Israel planted explosives in Hezbollah’s Taiwan-made pagers, sources say

US

By Laila Bassam and Maya Gebeily

BEIRUT (Reuters) – Israel’s Mossad spy agency planted a small amount of explosives inside 5000 Taiwan-made pagers ordered by Lebanese group Hezbollah months before Tuesday’s detonations, a senior Lebanese security source and another source told Reuters.

The details shed light on an unprecedented Hezbollah security breach that saw thousands of pagers detonate across Lebanon, killing nine people and wounding nearly 3,000 others, including the group’s fighters and Iran’s envoy to Beirut.

Iran-backed Hezbollah has vowed to retaliate against Israel, whose military declined to comment on the blasts.

The plot appears to have been many months in the making, several sources told Reuters.

The senior Lebanese security source said the group had ordered 5,000 beepers made by Taiwan-based Gold Apollo, which several sources say were brought into the country in the spring.

The senior Lebanese security source identified a photograph of the model of the pager, an AP924, which like other pagers wirelessly receive and display text messages but cannot make telephone calls.

Hezbollah fighters have been using pagers as a low-tech means of communication in an attempt to evade Israeli location-tracking, two sources familiar with the group’s operations told Reuters this year.

But the senior Lebanese source said the devices had been modified by Israel’s spy service “at the production level.”

“The Mossad injected a board inside of the device that has explosive material that receives a code. It’s very hard to detect it through any means. Even with any device or scanner,” the source said.

The source said 3,000 of the pagers exploded when a coded message was sent to them, simultaneously activating the explosives.

Another security source told Reuters that up to three grams of explosives were hidden in the new pagers and had gone “undetected” by Hezbollah for months.

Neither Israel nor Gold Apollo immediately responded to Reuters requests for comment.

Images of destroyed pagers analyzed by Reuters showed a format and stickers on the back that were consistent with pagers made by Gold Apollo, based in Taipei.

Hezbollah was reeling from the attack, which left fighters and others bloodied, hospitalised or dead.
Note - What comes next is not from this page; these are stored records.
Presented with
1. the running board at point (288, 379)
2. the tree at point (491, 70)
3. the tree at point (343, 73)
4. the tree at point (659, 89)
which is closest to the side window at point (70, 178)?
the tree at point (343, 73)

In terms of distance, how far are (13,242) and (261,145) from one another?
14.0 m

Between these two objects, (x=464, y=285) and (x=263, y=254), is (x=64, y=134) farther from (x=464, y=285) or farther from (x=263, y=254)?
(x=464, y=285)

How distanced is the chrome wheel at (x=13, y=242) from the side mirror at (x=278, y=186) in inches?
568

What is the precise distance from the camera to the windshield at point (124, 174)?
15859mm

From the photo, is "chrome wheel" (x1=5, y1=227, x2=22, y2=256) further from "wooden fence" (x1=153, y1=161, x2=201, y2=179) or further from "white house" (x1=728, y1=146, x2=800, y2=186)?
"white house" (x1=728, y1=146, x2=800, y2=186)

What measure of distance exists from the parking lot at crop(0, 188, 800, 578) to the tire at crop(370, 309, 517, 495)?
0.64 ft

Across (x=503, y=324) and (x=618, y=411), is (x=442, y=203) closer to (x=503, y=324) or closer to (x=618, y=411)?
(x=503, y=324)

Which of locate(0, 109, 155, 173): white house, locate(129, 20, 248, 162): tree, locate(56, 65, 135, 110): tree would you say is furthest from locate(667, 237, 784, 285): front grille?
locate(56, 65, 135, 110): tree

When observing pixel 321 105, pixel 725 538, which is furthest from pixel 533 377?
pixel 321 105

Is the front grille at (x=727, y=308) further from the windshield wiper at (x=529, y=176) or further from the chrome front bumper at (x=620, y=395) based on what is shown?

One Hezbollah official, speaking on condition of anonymity, said the detonation was the group’s “biggest security breach” since the Gaza conflict between Israel and Hezbollah ally Hamas erupted on Oct. 7.

“This would easily be the biggest counterintelligence failure that Hezbollah has had in decades,” said Jonathan Panikoff, the U.S. government’s former deputy national intelligence officer on the Middle East.